We now need to find the time it takes the #1.2kg# mass to travel the distance #0.64m#, and consequently this will be the time the #0.8kg# mass is accelerating upwards. The remaining time will be the duration the #0.8kg# mass is decelerating and we need to find the distance travelled during this period.

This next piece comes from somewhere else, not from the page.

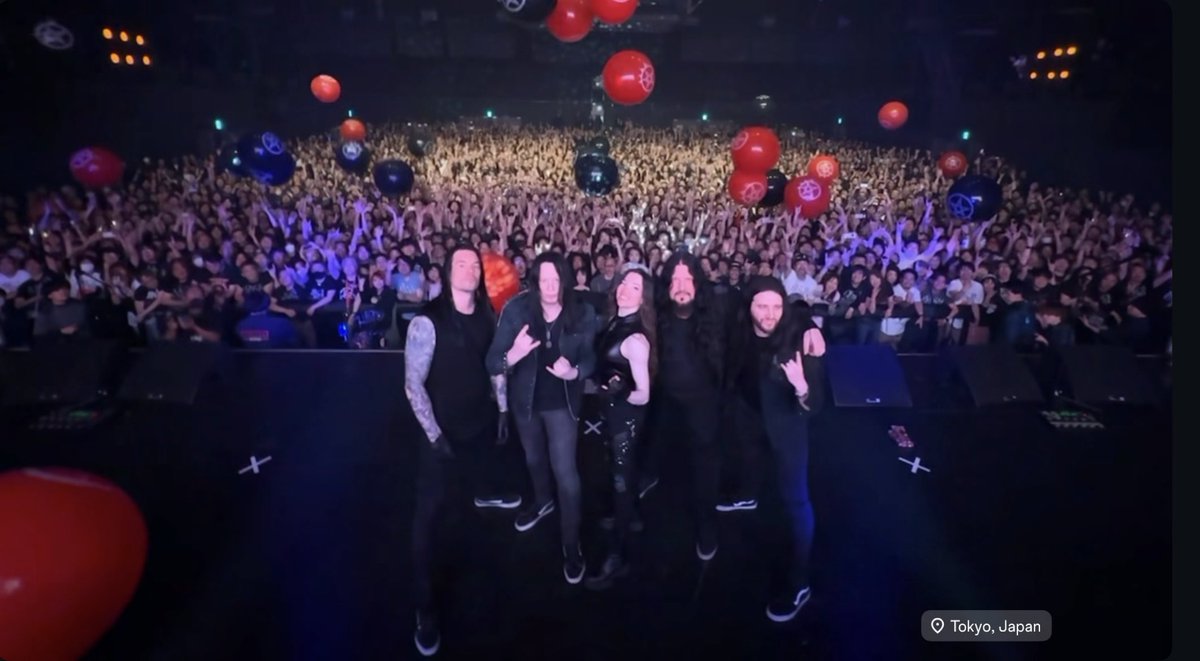 ギリギリ映ってた😅
隣でスティック握りしめてる❕😂😂😂
#ArchEnemy  
#豊洲PIT
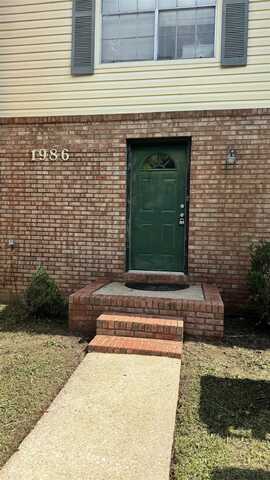 1986 Portland Avenue, Tallahassee, FL 32303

Duration of time #1.2kg# mass takes to travel #0.64m#
Using:
#s=ut+1/2at^2#
#0.64=(0)t+1/2(0.2g)t^2=>t=sqrt((1.28)/(0.2g)#
#g=9.81#
#:.#
#t=sqrt((1.28)/(0.2(9.81)))=0.8077100438s=0.808s# 3 d.p.
Next the velocity of the #0.8kg# mass after this time:
Using:
#v=u+at#
#v=0+(0.2g)(0.808)=>v=0.1616g=1.585296 \ \ms^(-1)#
Remaining time in which it decelerates due to gravity.
#t=1-0.808=0.192s#
Distance travelled during this period.
Using:
#v^2=u^2+2as#
#(0)^2=(1.585)^2+2(-g)s#
#s=(0^2-(1.585)^2)/(2*(-g))=0.128044m#
To get total distance travelled by the #0.8kg# mass, we add:
#0.64m+0.128044m=0.768044m#
This is as close as I can get to #0.776m#. This could be due to rounding errors.